What is being asked. Whatever pictures the entries hold, omit them, and output exactly the lines from the one containing "5#7248 Carrelli acciaio" through the final line.

Materials provided.
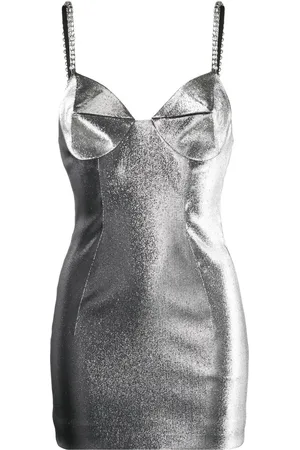 AREA Metallic minidress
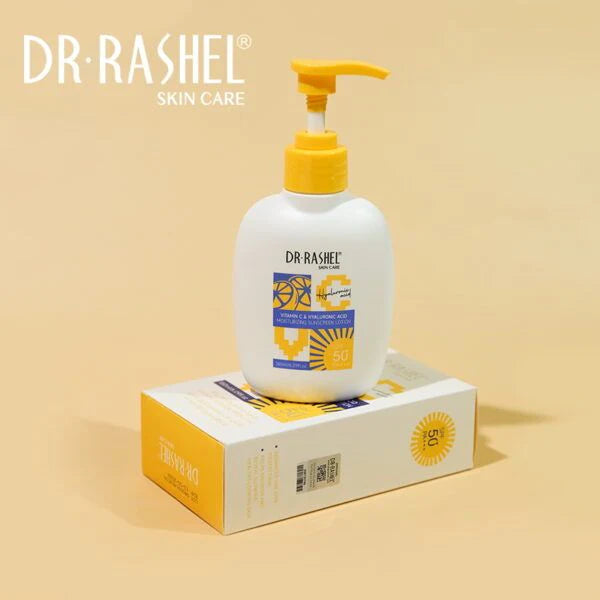 DR.Rashel Vitamin c & hyaluronic acid moisturizinng sunscreen loiton SPF50 - 180ml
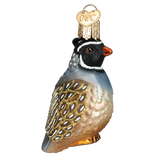 Old World Christmas Partridge Ornament, 16012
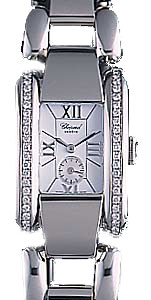 Chopard La Strada Series Diamond Steel White Ladies Swiss Quartz Watch 418415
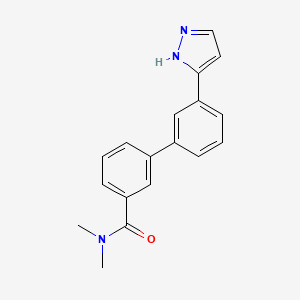 N,N-dimethyl-3'-(1H-pyrazol-3-yl)-3-biphenylcarboxamide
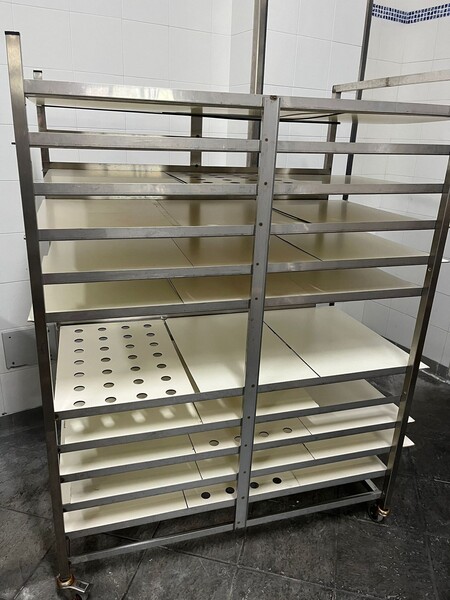5#7248 Carrelli acciaio inox in vendita - foto 1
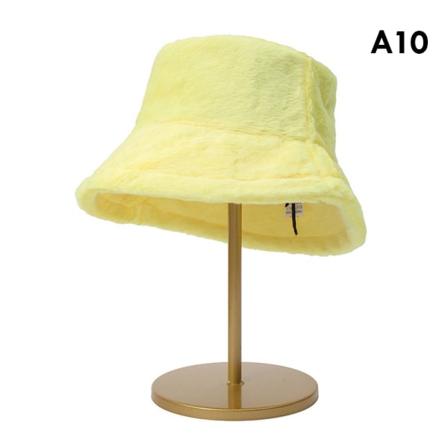 2023 Fuskpels Fluffy Bucket Hat Kvinder Mænd Efterår Udendørs Varmt A10 One Size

Task output.
5#7248 Carrelli acciaio inox in vendita - foto 1
 2023 Fuskpels Fluffy Bucket Hat Kvinder Mænd Efterår Udendørs Varmt A10 One Size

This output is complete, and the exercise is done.